## HOW TO COMPLETE THIS TASK
Take the lines in the listing below from the line with "Gymshark Essential Long" up to and including the line with "Starbucks Aqua Marine" and set them down exactly, skipping pictures and adding nothing.

## SOURCE RECORDS
■ ■ ■
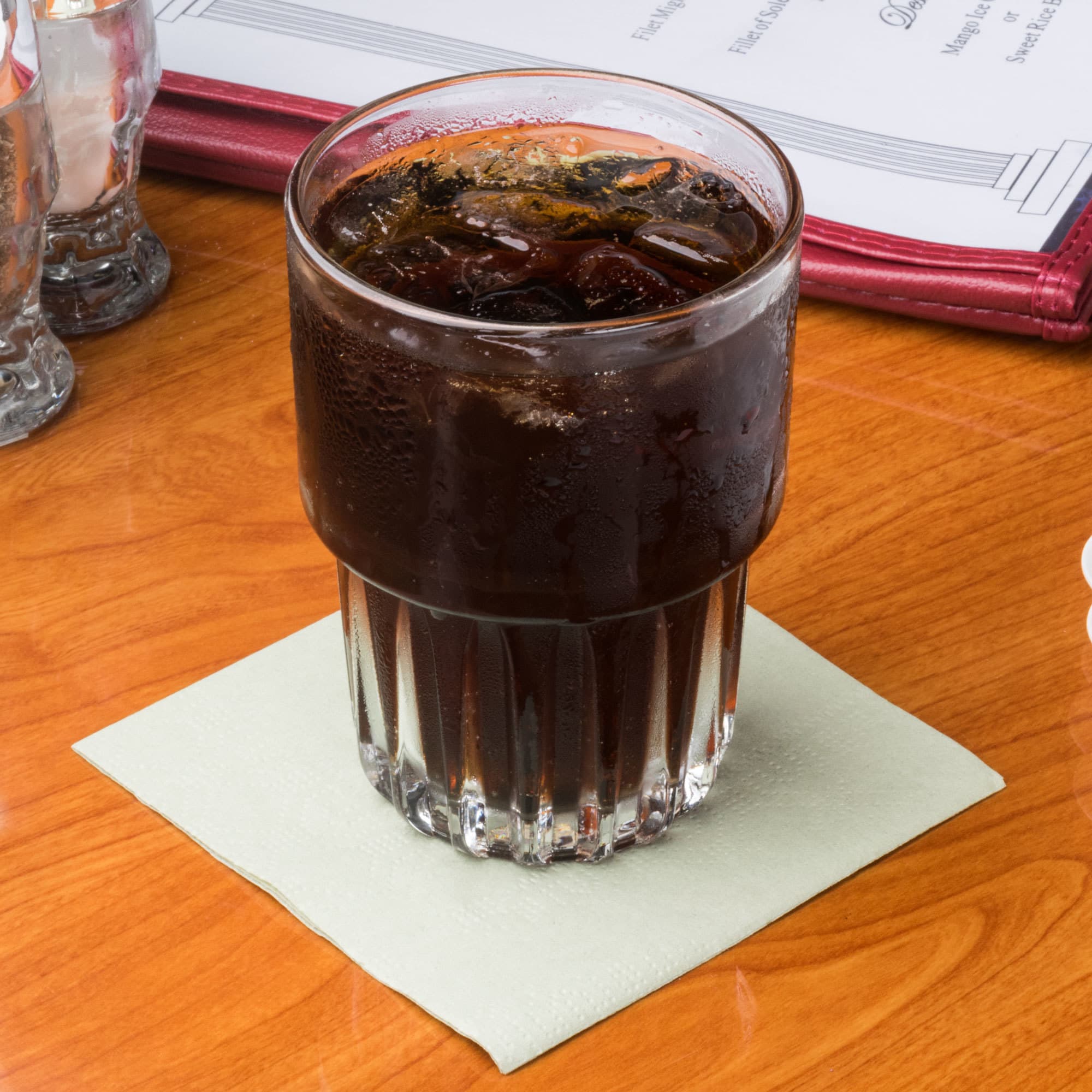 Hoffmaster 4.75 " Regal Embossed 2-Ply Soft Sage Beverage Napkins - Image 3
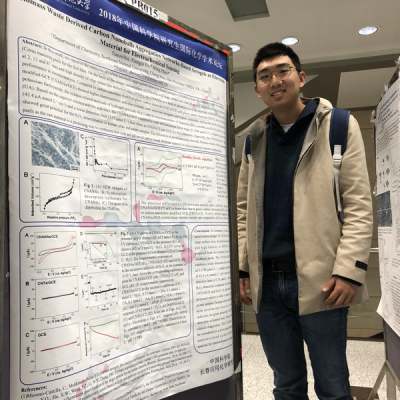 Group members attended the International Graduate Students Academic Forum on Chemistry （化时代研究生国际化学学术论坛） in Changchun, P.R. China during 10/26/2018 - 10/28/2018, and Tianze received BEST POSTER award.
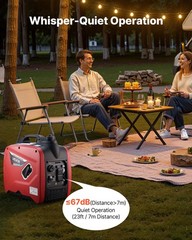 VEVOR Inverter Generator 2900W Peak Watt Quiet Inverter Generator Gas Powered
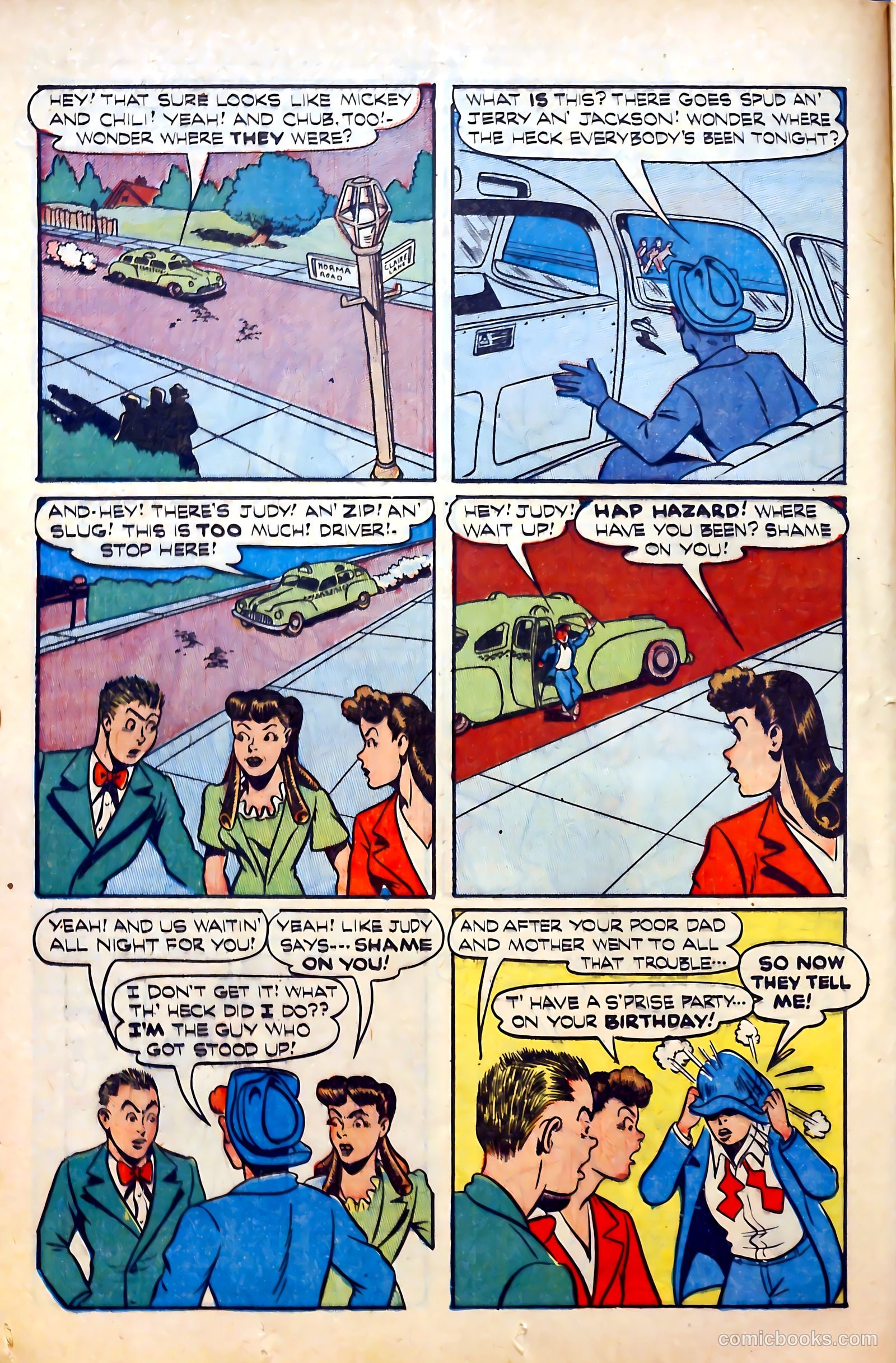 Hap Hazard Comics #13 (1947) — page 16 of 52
■ ■ ■
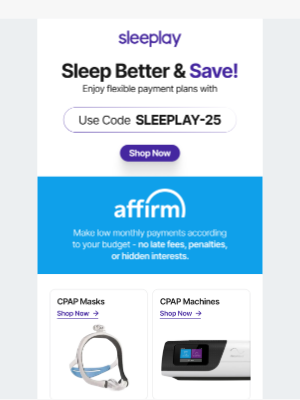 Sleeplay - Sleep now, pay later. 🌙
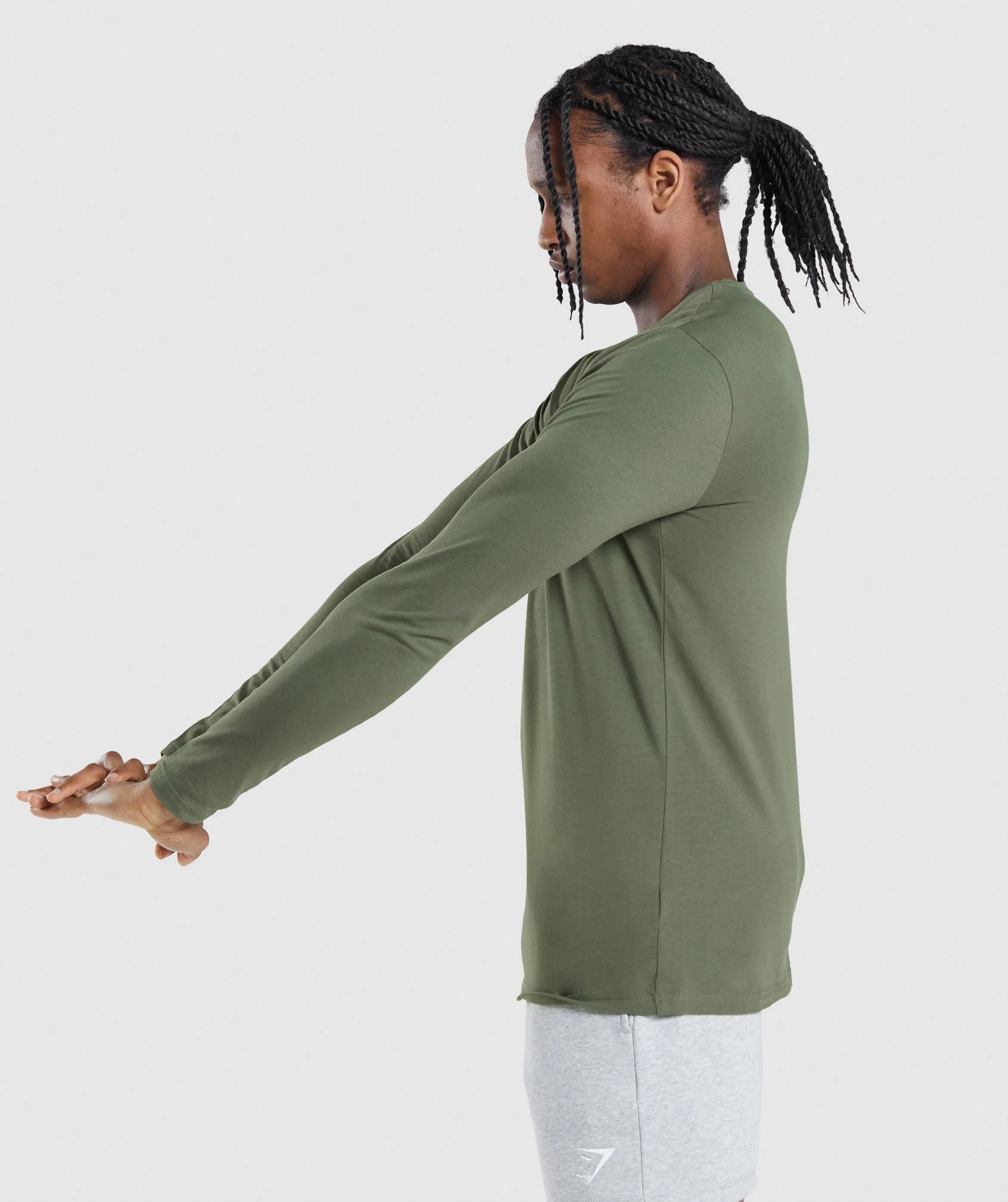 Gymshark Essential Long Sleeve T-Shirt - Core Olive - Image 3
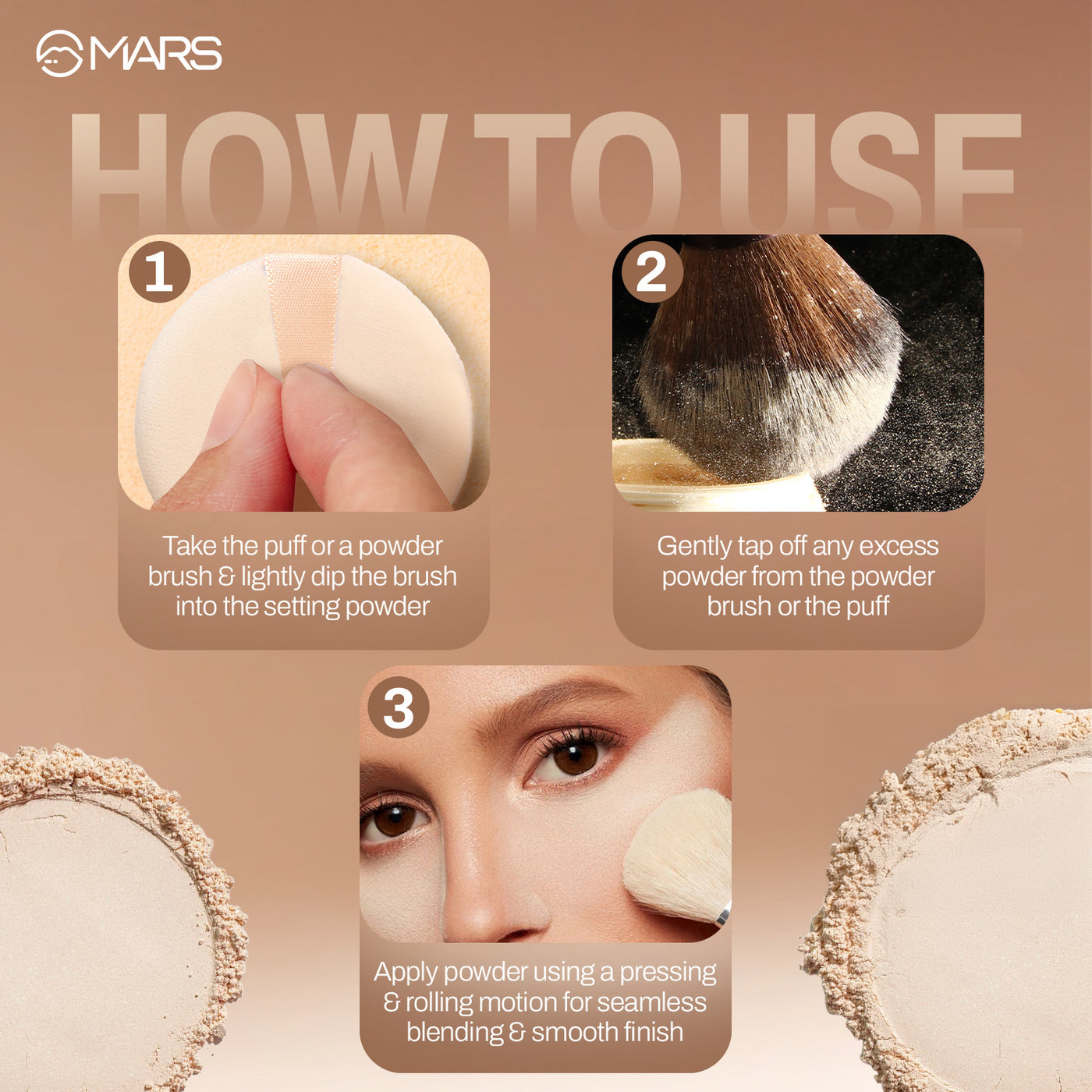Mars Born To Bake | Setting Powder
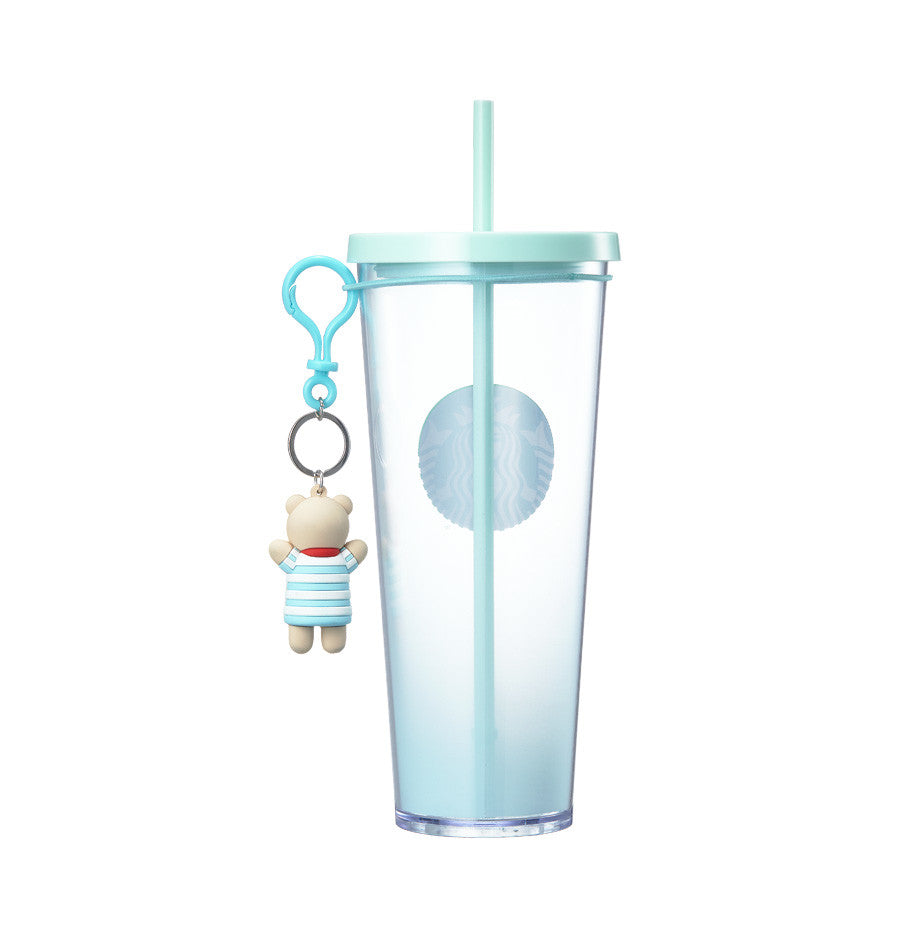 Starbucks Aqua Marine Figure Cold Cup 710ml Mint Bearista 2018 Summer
■ ■ ■
## SOLVED PROBLEM
 Gymshark Essential Long Sleeve T-Shirt - Core Olive - Image 3
Mars Born To Bake | Setting Powder
 Starbucks Aqua Marine Figure Cold Cup 710ml Mint Bearista 2018 Summer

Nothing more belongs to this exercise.